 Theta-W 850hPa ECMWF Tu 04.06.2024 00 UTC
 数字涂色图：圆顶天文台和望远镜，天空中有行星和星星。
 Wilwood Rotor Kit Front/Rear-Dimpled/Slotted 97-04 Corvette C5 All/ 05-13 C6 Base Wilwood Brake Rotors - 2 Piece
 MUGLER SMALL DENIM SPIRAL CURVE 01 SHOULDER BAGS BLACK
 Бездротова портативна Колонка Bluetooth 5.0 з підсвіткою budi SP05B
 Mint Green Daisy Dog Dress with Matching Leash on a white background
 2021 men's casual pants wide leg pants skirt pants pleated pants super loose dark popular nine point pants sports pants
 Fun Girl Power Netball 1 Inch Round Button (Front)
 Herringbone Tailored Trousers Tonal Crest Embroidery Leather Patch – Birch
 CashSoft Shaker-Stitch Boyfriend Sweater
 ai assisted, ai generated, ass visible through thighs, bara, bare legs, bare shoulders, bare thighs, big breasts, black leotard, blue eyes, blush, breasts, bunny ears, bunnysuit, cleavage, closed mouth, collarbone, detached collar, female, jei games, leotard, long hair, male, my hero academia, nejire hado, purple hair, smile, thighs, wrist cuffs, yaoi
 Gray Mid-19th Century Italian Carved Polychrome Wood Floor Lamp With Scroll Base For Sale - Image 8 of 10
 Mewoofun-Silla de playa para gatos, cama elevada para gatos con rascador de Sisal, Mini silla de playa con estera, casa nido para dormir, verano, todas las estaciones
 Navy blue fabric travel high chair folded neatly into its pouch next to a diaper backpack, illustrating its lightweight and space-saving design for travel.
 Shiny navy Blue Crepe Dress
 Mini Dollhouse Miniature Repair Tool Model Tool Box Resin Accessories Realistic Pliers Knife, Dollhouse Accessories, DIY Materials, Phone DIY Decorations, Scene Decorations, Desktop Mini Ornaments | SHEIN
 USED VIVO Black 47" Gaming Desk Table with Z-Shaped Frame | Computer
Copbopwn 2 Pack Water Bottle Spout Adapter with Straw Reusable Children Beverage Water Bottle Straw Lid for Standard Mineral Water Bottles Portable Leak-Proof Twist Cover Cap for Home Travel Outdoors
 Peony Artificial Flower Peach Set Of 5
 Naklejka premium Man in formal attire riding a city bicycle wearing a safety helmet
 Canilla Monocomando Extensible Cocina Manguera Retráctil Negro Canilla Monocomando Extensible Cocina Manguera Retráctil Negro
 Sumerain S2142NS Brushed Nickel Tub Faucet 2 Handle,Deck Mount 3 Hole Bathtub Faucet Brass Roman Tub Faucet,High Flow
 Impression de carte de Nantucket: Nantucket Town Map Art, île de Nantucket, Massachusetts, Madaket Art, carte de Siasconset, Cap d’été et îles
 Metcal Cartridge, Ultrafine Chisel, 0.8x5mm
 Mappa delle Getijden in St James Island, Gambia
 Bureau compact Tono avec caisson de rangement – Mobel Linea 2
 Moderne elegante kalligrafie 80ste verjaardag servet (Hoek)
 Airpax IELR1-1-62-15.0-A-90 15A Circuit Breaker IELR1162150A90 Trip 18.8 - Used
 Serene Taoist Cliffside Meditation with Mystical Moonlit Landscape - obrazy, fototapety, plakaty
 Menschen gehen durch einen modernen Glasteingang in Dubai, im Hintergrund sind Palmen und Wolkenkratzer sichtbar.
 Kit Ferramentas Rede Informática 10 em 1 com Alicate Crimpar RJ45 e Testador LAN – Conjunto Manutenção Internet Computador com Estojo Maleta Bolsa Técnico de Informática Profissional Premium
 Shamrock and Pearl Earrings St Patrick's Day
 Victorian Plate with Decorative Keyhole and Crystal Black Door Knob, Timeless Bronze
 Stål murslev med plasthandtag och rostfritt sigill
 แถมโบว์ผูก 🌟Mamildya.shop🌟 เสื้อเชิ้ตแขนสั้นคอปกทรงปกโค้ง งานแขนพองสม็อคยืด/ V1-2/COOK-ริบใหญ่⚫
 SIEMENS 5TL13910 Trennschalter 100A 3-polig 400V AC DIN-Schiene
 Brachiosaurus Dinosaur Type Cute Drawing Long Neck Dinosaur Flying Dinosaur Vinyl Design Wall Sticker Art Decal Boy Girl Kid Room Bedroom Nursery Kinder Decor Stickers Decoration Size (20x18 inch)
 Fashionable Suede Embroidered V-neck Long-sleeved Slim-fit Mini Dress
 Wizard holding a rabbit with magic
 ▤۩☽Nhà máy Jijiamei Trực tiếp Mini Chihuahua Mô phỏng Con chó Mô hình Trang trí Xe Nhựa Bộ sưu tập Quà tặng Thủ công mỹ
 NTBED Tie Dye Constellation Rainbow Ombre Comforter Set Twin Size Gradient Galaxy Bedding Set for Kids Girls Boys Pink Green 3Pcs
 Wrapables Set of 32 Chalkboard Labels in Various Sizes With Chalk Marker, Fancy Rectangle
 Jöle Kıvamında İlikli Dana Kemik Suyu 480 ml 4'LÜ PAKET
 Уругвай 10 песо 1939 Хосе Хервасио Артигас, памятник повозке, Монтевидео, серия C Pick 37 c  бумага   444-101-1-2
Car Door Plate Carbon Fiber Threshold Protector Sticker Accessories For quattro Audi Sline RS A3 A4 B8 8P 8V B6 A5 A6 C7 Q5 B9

= EXERCISE DIRECTIONS =
Please state how many lines in the entries above include the string "Base", and write only that number.

= EXERCISE ANSWER =
2